Solana price discrepancies live and die within a single slot. Subglow delivers pre-parsed swap events from every major DEX in under 5ms — so your arb bot detects and captures opportunities before the next block even confirms.
Why arbitrage needs real-time data
Solana produces a new slot roughly every 400 milliseconds. For arbitrage, that clock is everything. A price discrepancy between Raydium and Jupiter might appear in slot N and vanish by slot N+1 — giving you a window measured in hundreds of milliseconds, not seconds. Traditional RPC polling introduces 200–500ms of latency before your bot even knows a price changed. Add deserialization time and you are looking at stale data that reflects a market state that no longer exists.

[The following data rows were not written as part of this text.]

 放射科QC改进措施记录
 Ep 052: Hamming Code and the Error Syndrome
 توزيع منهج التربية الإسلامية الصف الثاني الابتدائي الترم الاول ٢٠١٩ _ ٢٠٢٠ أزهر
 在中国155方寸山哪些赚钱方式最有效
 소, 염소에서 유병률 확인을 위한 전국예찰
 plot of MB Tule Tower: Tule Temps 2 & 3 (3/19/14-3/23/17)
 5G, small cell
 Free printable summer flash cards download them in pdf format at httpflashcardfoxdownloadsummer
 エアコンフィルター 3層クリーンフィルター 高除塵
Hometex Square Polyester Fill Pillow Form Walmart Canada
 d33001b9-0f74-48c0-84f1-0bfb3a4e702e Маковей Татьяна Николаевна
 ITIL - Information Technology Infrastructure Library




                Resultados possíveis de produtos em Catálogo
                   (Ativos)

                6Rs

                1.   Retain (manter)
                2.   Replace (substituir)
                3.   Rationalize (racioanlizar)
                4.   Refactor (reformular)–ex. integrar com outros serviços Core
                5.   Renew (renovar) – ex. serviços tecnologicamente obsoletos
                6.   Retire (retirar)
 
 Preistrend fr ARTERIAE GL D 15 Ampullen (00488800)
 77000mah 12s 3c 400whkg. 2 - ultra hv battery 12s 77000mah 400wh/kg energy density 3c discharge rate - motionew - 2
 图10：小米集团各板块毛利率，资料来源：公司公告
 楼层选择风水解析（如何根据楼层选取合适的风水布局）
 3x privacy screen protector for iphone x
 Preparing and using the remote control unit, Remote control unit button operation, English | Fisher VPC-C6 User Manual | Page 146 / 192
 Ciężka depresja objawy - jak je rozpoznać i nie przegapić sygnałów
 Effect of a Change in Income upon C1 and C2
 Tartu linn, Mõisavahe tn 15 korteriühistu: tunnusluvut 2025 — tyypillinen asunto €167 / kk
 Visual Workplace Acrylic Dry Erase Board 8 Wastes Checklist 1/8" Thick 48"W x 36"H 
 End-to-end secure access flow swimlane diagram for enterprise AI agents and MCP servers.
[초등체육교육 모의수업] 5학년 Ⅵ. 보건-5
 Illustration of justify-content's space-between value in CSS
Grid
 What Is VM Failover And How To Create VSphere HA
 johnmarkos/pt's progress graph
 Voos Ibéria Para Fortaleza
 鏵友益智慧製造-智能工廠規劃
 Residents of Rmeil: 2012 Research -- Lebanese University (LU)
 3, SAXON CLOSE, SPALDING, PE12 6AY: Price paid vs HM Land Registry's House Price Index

The math is unforgiving. If your detection pipeline takes 500ms and the opportunity window is 400ms, you never see it. If your pipeline takes 50ms, you see it but compete with everyone else at that latency tier. At sub-5ms delivery — the level Subglow operates at — you are seeing price movements as they propagate across DEXs, before the majority of bots even begin their polling cycle. That is the difference between capturing a discrepancy and chasing one that already closed.
Real-time gRPC streaming eliminates the poll-wait-parse loop entirely. Instead of asking "did anything change?" thousands of times per second, you receive a continuous feed of every swap, every liquidity change, and every new pool creation the instant it confirms on-chain. Your bot's decision loop starts at the earliest possible moment — and on Solana, that moment is everything.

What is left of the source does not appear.